*TASK GOAL*. Range to reproduce from the entries below: the line with "Ann Ave Sub - Residential", the line with "Bloom Rooms Foligno Exteriör bild", and every line in between. Give them exactly and give nothing else.

*THE DATA*.
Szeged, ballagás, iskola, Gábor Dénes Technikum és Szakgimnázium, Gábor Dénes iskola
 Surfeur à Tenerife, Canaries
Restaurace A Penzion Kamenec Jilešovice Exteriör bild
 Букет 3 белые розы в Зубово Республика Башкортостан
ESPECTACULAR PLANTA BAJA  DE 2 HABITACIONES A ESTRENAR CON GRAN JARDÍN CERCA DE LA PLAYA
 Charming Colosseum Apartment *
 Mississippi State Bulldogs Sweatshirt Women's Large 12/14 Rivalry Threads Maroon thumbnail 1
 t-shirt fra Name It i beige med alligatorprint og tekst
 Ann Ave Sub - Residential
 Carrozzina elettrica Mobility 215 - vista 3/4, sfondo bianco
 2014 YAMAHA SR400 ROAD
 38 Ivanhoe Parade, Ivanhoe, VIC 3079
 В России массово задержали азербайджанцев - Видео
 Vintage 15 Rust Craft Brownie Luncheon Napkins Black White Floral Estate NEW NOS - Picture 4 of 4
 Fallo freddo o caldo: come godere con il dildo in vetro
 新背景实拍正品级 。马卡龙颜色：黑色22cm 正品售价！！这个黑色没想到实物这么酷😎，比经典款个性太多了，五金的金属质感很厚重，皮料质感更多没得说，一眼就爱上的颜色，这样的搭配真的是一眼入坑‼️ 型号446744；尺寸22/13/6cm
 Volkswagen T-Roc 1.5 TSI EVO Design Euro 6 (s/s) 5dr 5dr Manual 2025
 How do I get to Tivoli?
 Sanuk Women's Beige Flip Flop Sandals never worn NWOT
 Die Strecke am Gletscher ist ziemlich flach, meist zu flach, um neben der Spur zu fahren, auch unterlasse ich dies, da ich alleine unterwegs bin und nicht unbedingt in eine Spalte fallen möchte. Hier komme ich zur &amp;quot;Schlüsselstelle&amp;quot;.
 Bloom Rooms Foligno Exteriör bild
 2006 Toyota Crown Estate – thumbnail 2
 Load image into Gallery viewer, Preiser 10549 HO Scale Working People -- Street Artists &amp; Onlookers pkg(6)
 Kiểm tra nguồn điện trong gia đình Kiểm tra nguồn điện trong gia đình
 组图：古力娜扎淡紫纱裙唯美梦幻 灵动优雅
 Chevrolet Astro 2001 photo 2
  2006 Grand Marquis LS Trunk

*WRITTEN SOLUTION*.
 Ann Ave Sub - Residential
 Carrozzina elettrica Mobility 215 - vista 3/4, sfondo bianco
 2014 YAMAHA SR400 ROAD
 38 Ivanhoe Parade, Ivanhoe, VIC 3079
 В России массово задержали азербайджанцев - Видео
 Vintage 15 Rust Craft Brownie Luncheon Napkins Black White Floral Estate NEW NOS - Picture 4 of 4
 Fallo freddo o caldo: come godere con il dildo in vetro
 新背景实拍正品级 。马卡龙颜色：黑色22cm 正品售价！！这个黑色没想到实物这么酷😎，比经典款个性太多了，五金的金属质感很厚重，皮料质感更多没得说，一眼就爱上的颜色，这样的搭配真的是一眼入坑‼️ 型号446744；尺寸22/13/6cm
 Volkswagen T-Roc 1.5 TSI EVO Design Euro 6 (s/s) 5dr 5dr Manual 2025
 How do I get to Tivoli?
 Sanuk Women's Beige Flip Flop Sandals never worn NWOT
 Die Strecke am Gletscher ist ziemlich flach, meist zu flach, um neben der Spur zu fahren, auch unterlasse ich dies, da ich alleine unterwegs bin und nicht unbedingt in eine Spalte fallen möchte. Hier komme ich zur &amp;quot;Schlüsselstelle&amp;quot;.
 Bloom Rooms Foligno Exteriör bild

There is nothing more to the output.